“It has been a particularly good time to be at the top of the income spectrum”
The editorial title is a direct quote from Federal Reserve Chairman Jay Powell last week during a speech.
When I hear such a quote, there is an underlying feeling that “it has been a good time for everybody, but a particularly good time at the top.”
Unfortunately, that is not what the numbers bear out in the US. The PEW research piece below is excellent in that it compares wealth accumulation across different wealth quintiles.
- Only the wealthiest quintile of America saw its net wealth gain since 2007.
- The chart does not include the bottom quintile of American society because they have nothing.
Honestly, I could write about that chart for pages.
Let me show you a similar data set from the same PEW research report.
The graphic above shows the percentage of all income earned in the US by upper, middle and lower income earners over time.
The lower income data makes complete sense.

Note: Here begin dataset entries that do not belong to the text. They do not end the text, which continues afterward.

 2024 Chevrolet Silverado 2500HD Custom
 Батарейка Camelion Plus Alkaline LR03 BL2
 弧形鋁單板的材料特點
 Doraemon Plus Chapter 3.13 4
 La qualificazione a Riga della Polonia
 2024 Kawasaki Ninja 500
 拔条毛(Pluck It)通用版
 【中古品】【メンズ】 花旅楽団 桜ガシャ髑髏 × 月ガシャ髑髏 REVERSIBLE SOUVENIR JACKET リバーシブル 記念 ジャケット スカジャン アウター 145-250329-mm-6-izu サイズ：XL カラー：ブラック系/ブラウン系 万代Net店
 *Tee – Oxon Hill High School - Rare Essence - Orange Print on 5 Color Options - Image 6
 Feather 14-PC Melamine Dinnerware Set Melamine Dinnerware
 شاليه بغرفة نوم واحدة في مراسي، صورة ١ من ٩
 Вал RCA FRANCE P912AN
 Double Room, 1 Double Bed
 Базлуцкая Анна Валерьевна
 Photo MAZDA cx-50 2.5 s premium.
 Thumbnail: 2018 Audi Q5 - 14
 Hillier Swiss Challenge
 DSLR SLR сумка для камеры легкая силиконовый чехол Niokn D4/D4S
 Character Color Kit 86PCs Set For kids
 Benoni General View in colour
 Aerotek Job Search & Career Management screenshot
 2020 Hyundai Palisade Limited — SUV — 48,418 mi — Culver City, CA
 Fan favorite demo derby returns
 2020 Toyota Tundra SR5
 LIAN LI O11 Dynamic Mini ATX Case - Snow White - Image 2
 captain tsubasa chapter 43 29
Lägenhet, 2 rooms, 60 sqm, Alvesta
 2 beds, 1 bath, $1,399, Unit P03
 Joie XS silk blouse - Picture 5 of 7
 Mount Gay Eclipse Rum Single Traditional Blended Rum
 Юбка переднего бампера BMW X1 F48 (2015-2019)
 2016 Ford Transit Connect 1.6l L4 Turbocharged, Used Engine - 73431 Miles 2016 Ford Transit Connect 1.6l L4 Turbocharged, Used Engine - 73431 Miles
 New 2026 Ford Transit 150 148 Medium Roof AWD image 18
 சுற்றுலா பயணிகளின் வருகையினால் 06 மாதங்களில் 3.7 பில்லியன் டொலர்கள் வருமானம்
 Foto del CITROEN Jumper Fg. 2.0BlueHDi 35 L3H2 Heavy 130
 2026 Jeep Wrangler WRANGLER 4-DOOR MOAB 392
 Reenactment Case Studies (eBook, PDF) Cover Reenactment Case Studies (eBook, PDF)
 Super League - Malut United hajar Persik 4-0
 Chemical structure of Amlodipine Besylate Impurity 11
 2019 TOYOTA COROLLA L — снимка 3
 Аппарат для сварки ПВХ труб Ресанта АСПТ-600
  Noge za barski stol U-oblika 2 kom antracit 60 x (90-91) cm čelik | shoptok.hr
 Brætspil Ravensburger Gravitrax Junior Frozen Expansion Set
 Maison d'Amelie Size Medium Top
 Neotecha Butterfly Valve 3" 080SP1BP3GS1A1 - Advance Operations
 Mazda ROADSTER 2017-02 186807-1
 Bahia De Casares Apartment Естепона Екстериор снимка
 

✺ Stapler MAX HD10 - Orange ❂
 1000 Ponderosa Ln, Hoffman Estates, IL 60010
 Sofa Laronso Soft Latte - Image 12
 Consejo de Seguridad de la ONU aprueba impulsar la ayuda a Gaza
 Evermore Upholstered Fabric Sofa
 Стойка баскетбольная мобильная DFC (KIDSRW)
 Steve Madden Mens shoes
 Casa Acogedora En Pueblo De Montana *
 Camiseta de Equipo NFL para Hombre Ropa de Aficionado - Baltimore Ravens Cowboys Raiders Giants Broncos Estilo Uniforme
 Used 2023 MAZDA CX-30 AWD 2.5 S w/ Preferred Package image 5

Where things get stupid is with the middle and upper income earners. The percentage decline for middle income earners from 62% of total income down to 43% is stunning to me. That decline represents a complete hollowing-out of the middle class.
The next segment is going to relate to the PEW research shown, but we will use the lead chart from last week’s comment showing UK housing prices relative to wages.
I have added two black smudge lines to the chart because I am going to build a case that the financial world has come full-circle back to 1850…we just don’t know it yet.
From 1845 – 1913:
At the beginning of this era, wealth was concentrated in the hands of few. They were the “owners,” and virtually everybody else payed rent and worked to survive.
That started to change in the early/mid 1800s, and “ownership” began to spread down the social-economic ranks of society.
Higher demand was created by new classes of people with growing incomes. Growing incomes led to more demand and even higher incomes. More and more people could afford a home to buy rather than rent.
This is true capitalism at work. This is what healthy capitalism looks like. Entrepreneurs could take risks and succeed. They could also fail. The ones that succeeded created companies that thrived and hired more people at better wages.
Those that failed could regather their mojo and try again.
Key point: At the beginning of this period, there would have been the 5% at the top and the 95% rentiers. By the end of this period, those numbers had significantly balanced out. The rich got way richer…but the rest of society did much better as well.
From 1914 – 1987:
World Wars, central banking and general “economic alchemy” began to take hold of the world.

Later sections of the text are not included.